Stadtpfarrkirche St. Blasius (Fulda)
Die katholische Stadtpfarrkirche St. Blasius in Fulda wurde in der Zeit von 1771 bis 1785 im barocken Stil nach den Plänen des Jesuitenbruders Johann Andreas Anderjoch erbaut. Sie ist die Heimat der 2015 gegründeten Innenstadtpfarrei St. Simplicius, Faustinus und Beatrix.
Geschichte
Nach der Gründung des Klosters Fulda siedelten sich Handwerker und Kaufleute rund um das Kloster an. In dieser Zeit wurde um das Jahr 950 n. Chr. die erste Stadtpfarrkirche errichtet, welche wahrscheinlich dem Patrozinium des Mauritius unterstellt wurde und von einem Friedhof umgeben war.
Nach einem Brand im Jahre 1103 wurde eine neue Kirche im romanischen Stil errichtet, welche aus einem Langschiff, einem Querschiff, einem Chorquadrat und einer Halbrundapsis bestand. Als ihr Patrozinium ist 1221 der Heiliger Blasius bezeugt.[1]
Im Zeitraum von 1447 bis 1470 wurde eine Stadtpfarrkirche im gotischen Stil erbaut. Aus dieser Zeit stammt der heutige Nordwestturm (linker Glockenturm), in dessen Inneren noch einige Überreste dieser Zeit zu erkennen sind.
Während der Reformation predigte Adam Krafft die neue Lehre, welche sich nicht durchsetzte. In der Zeit der hessischen Besetzung Fuldas bis zur Gegenreformation fand in der Stadtpfarrkirche evangelischer Gottesdienst statt.
1771 wurde unter Fürstbischof Heinrich von Bibra die alte Kirche abgerissen und mit dem Bau einer spätbarocken Stadtpfarrkirche begonnen. Die Pläne hierzu stammen von dem Jesuitenpater Andreas Anderjoch. Die Weihe erfolgte am 18. August 1785 auf das Patrozinium Blasius. 1837 wurde eine neue Orgel angeschafft, welche im Jahre 1901 erneuert wurde.
Architektur
Die Stadtpfarrkirche besteht aus drei Schiffen, dabei ist das Mittelschiff optisch durch die angrenzenden Stützpfeiler abgetrennt. Sie besitzt außerdem rechts und links neben dem Altarraum zwei Sakristeianbauten.
Türme
An der Westseite befinden sich die beiden Türme. Der nördliche hat dabei die Funktion des Glockenturms. Im Südturm, der aus der Barockzeit stammt, befindet sich die Wohnung des ehemaligen Türmers/Turmwächters der Stadt Fulda, welche bis zu seinem Tod 1822 in Gebrauch war und über 162 Treppenstufen zu erreichen ist. Beide Türme besitzen jeweils eine quadratische Plattform mit Rundgang und zwei Laternen und sind 53,60 m hoch.

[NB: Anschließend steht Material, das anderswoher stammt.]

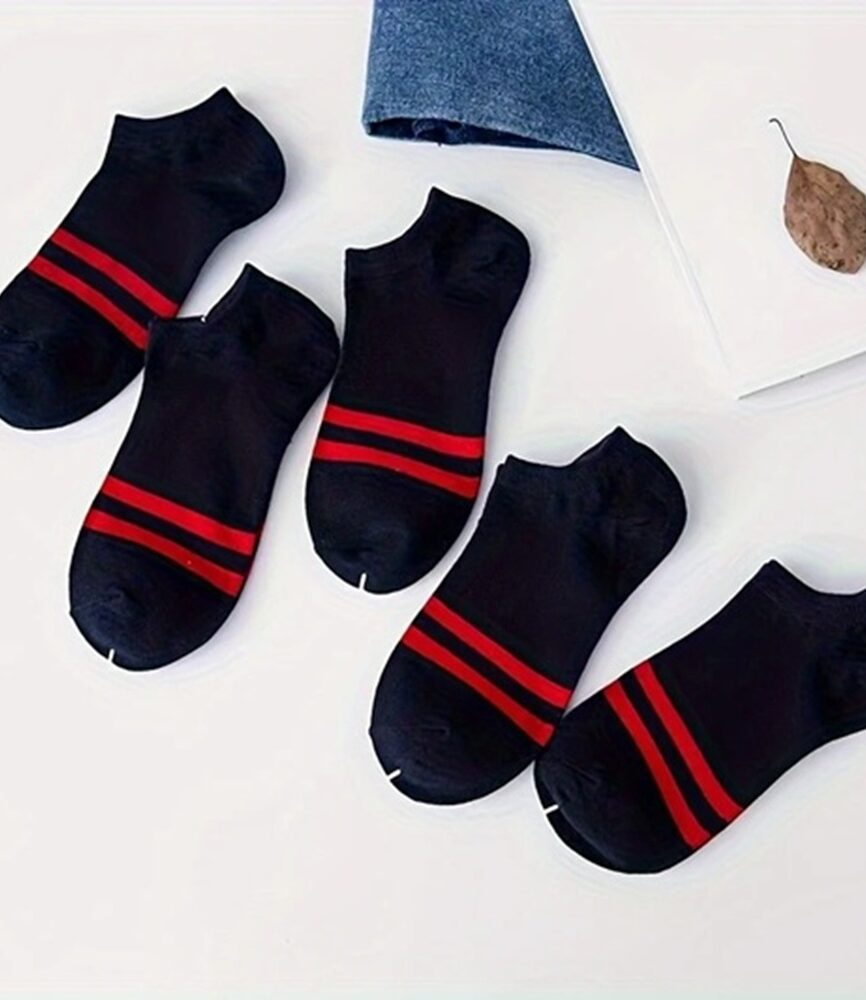 Navy Blue with Red Stripe Sport Sock on Foot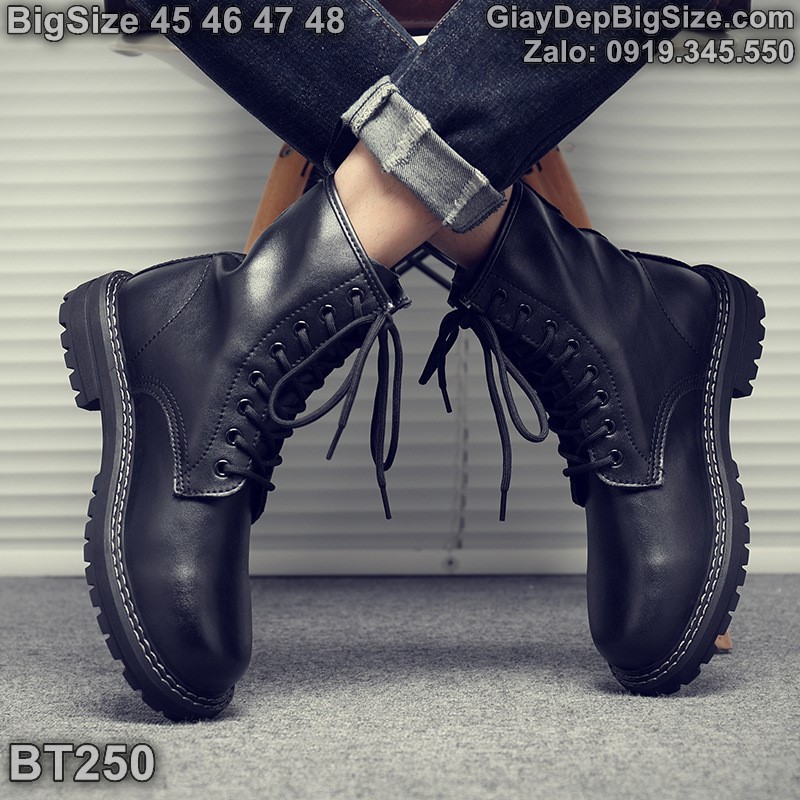 Giày boot (bốt) cổ cao cỡ lớn 45 46 47 48 cho nam cao to chân ú bè. Big size combat boots for wide feet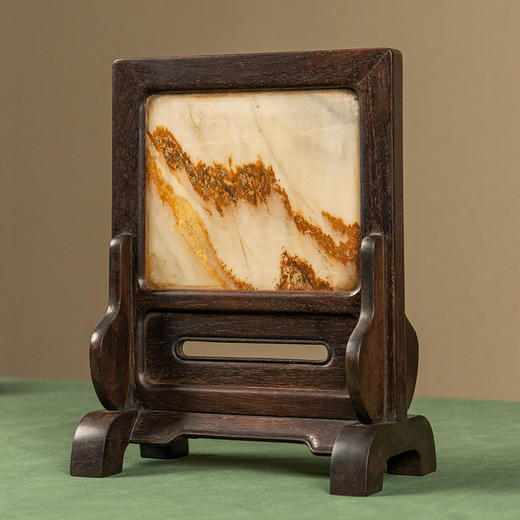 二十世纪 红木镶云石砚屏 商品图4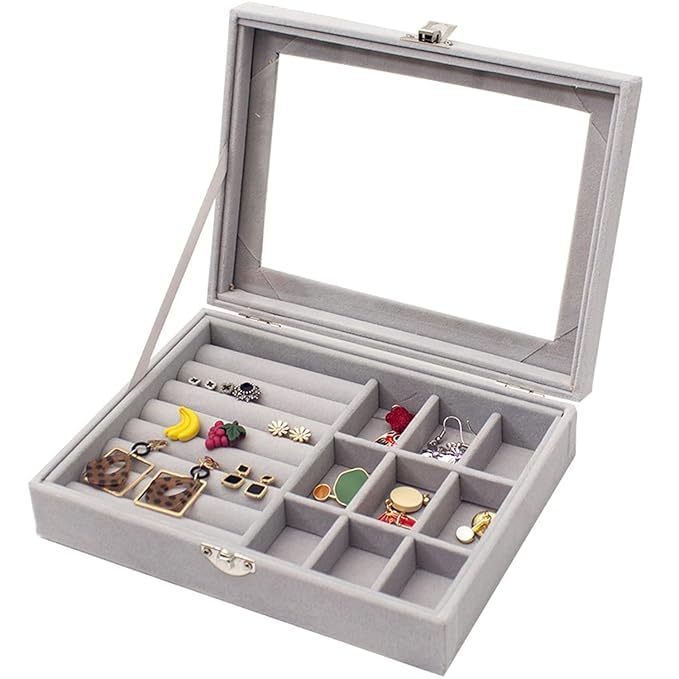 Image of Velvet Jewellry Drawer Organizer Stackable Tray (Grey, Ring+Grid Box)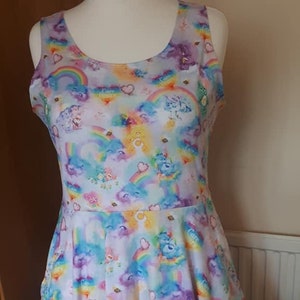 Rainbow bears inspired cute print skater dress- Sizes S- 5XL plus size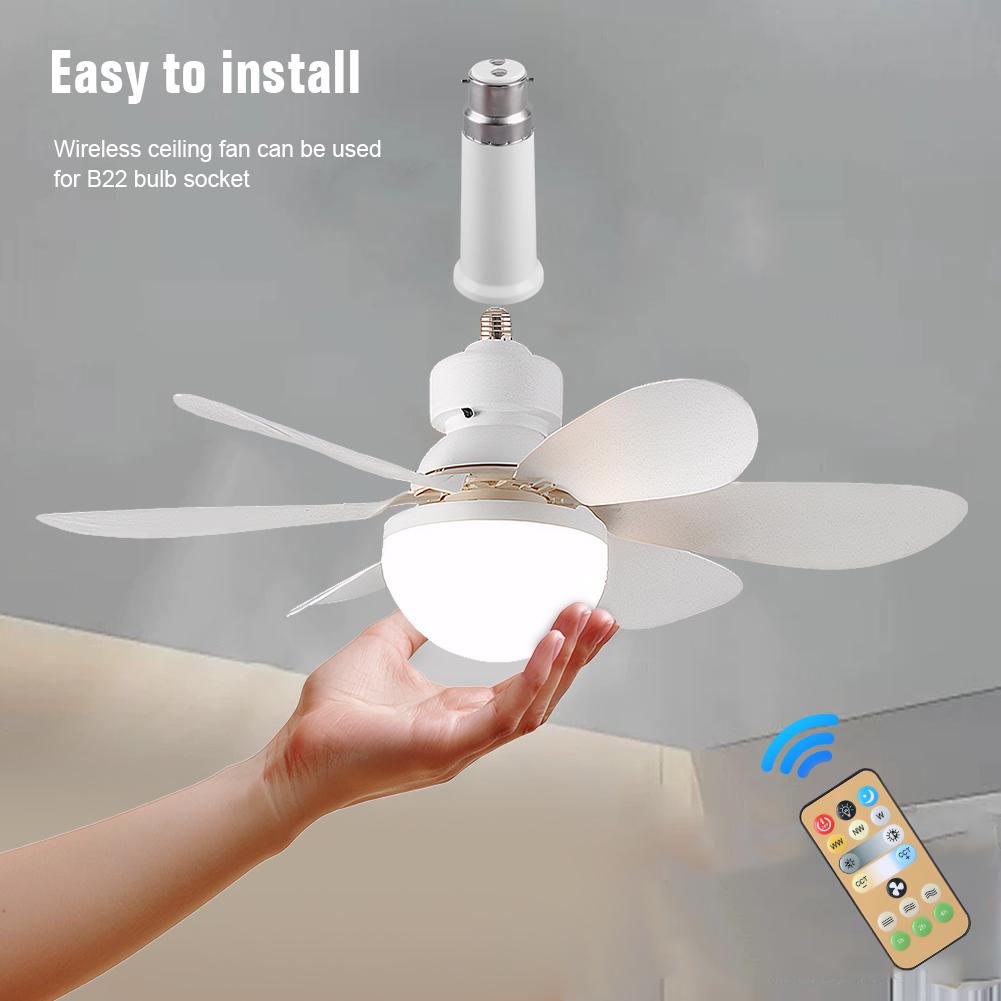40/52cm LED Socket Fan Light Screw Ceiling Fan with Light and Remote, E27 Socket Fan with LED for Bathroom, Bedroom, Kitchen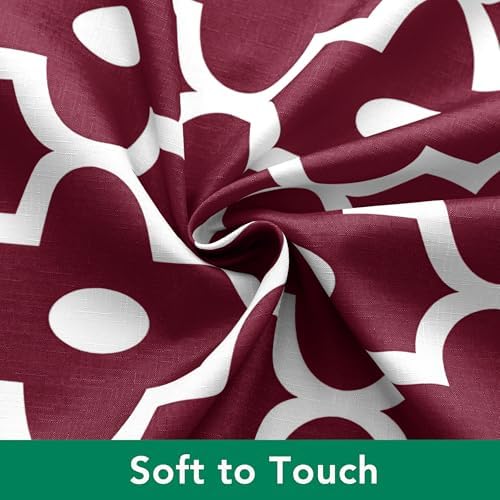 Fabric Modern Extra Long Shower Curtains for Bathroom-Burgundy and White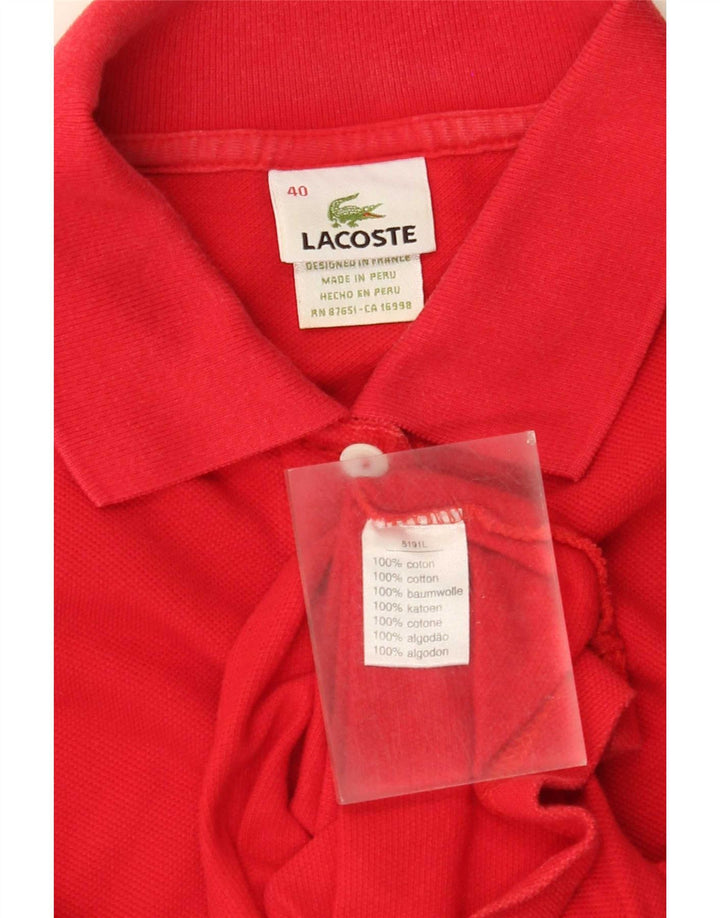 Camisa polo feminina Lacoste tamanho 40 algodão vermelho médio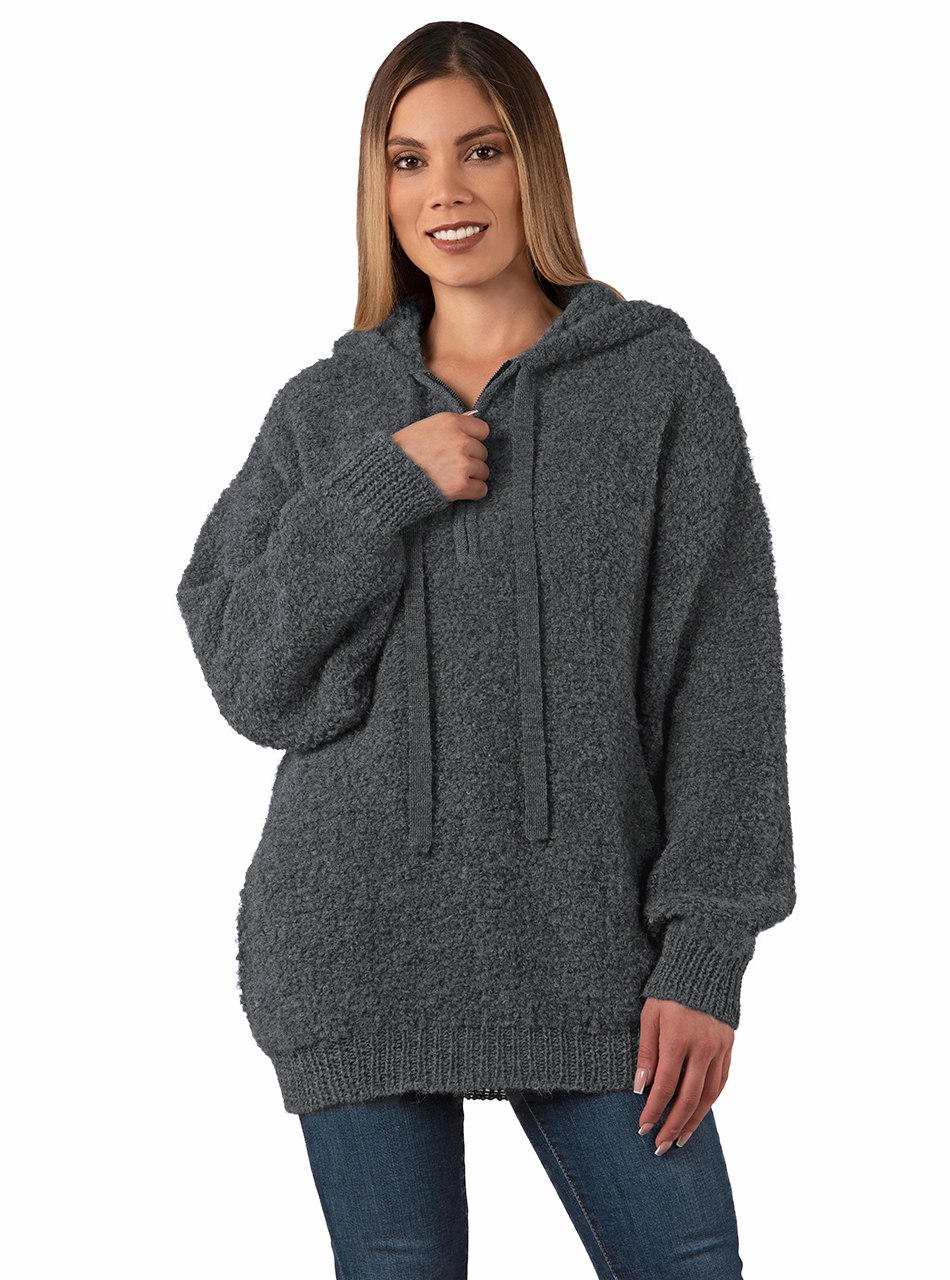 Halo Alpaca Hoodie Quarter Zip Pullover Sweatshirt & Sweater | Sun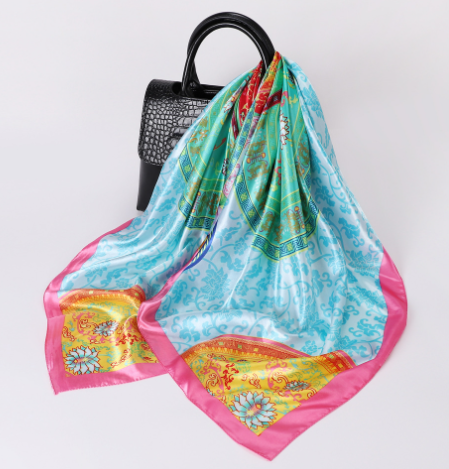 Pumpkin Bandana Scarf - Vintage Print Silk Scarf (One)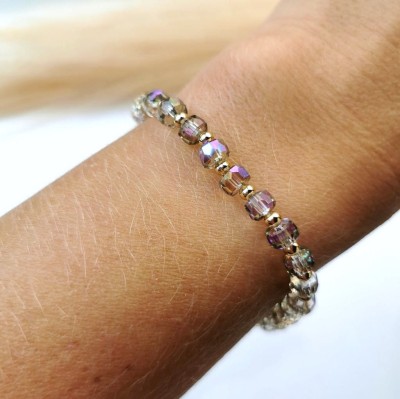 Bransoletka STAL CHIRURGICZNA elastyczna opalizujące kryształy  2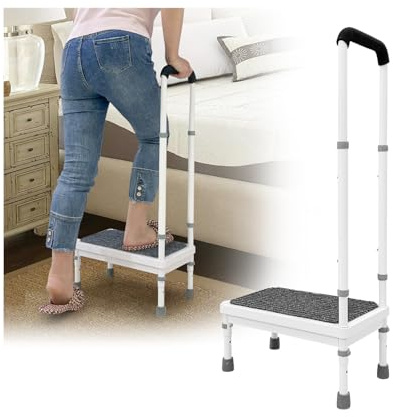 Step Stool with Handle for Elderly Medical Step Stools Seniors Handicap High Beds Mobility Platform Steel Foot Steps with Handrails Ramp Assist for Car, Bedside, Shower, Bathtub (400 LBS) (Gray, 45cm)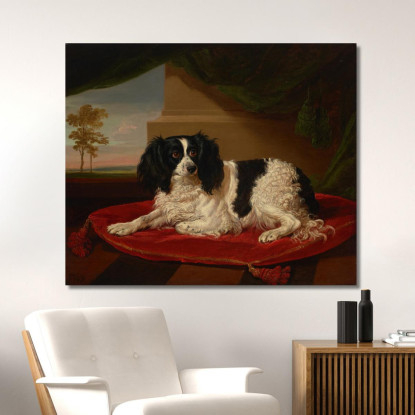 Un Cane King Charles Spaniel Su Un Cuscino Rosso James Ward jwr5 quadro stampato su tela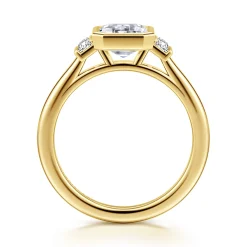 Gabriel & Co. Liora - 14K Yellow Gold Emerald Cut Three Stone Bezel Set Diamond Engagement Ring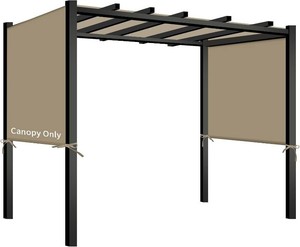 $50 Universal Canopy Cover Replacement for 17x6.8 Ft Outdoor Pergola Structure, Garden Pergola Shade for Gazebo Patio Porch Balcony, Outdoor Waterproof Pergola Canopy Top(Cover Only) (Khaki)  Waterproof Sun Fabric, Adjustable Sliding Design, UV Resistant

- Rundgang des älteren Nordturms mit zwei Laternen
- Blick in die ehemalige Türmerwohnung
- Fenster aus gotischer Stadtpfarrkirche im Nordturm
- Blick auf den Dom vom Südturm
Außenfassade
Zwischen beiden Türmen wird das Mittelschiff durch die herausstehende Westfassade mit Hauptportal abgeschlossen. Über dem hölzernen Portal befindet sich das Fuldaer Stadtwappen. Darüber folgt ein Rundfenster und das Wappen des ehemaligen Fuldaer Fürstbischofs Heinrich von Bibras. Unter der blauen Uhr mit goldenem Ziffernblatt steht eine Steinplastik des Heiligen Blasius'.
Mittelschiff
Im inneren Mittelschiff sind links und rechts jeweils vier Arkaden, worüber Abbildungen von acht Aposteln zu erkennen sind. Dabei sind auf der linken Seite Johannes der Apostel, Jakobus der Jüngere, Bartholomäus, Simon und auf der rechten Seite Matthäus, Philippus, Thomas und Judas Thaddäus abgebildet. An der Decke befinden sich zwei Fresken von Johannes Andreas Herrlein. Das eine zeigt die Darstellung der Bergpredigt, an der Jesus das „Vater Unser“ lehrt (Mt 6,9), was an der lateinischen Unterschrift zu erkennen ist. Das zweite Deckenfresko zeigt die Stelle, an der Jesus die Händler aus dem Tempel vertreibt.
Vor dem Altarraum sind an den Schrägwänden jeweils rechts und links zwei Seitenaltäre.
Der nördliche Altar ist der Muttergottes gewidmet. Auf dem Altarbild ist Maria mit dem Jesuskind dargestellt. Darüber befindet sich ein Gemälde, auf dem der Heilige Dominikus den Rosenkranz von der Gottesmutter erhält. An der Spitze befindet sich ein Marienmonogramm.
Der südliche Altar ist dem Heiligen Josef gewidmet. Das Altarbild zeigt den Heiligen mit Engeln, einem Buch und Lilien. An der Spitze befindet sich ein Josefmonogramm.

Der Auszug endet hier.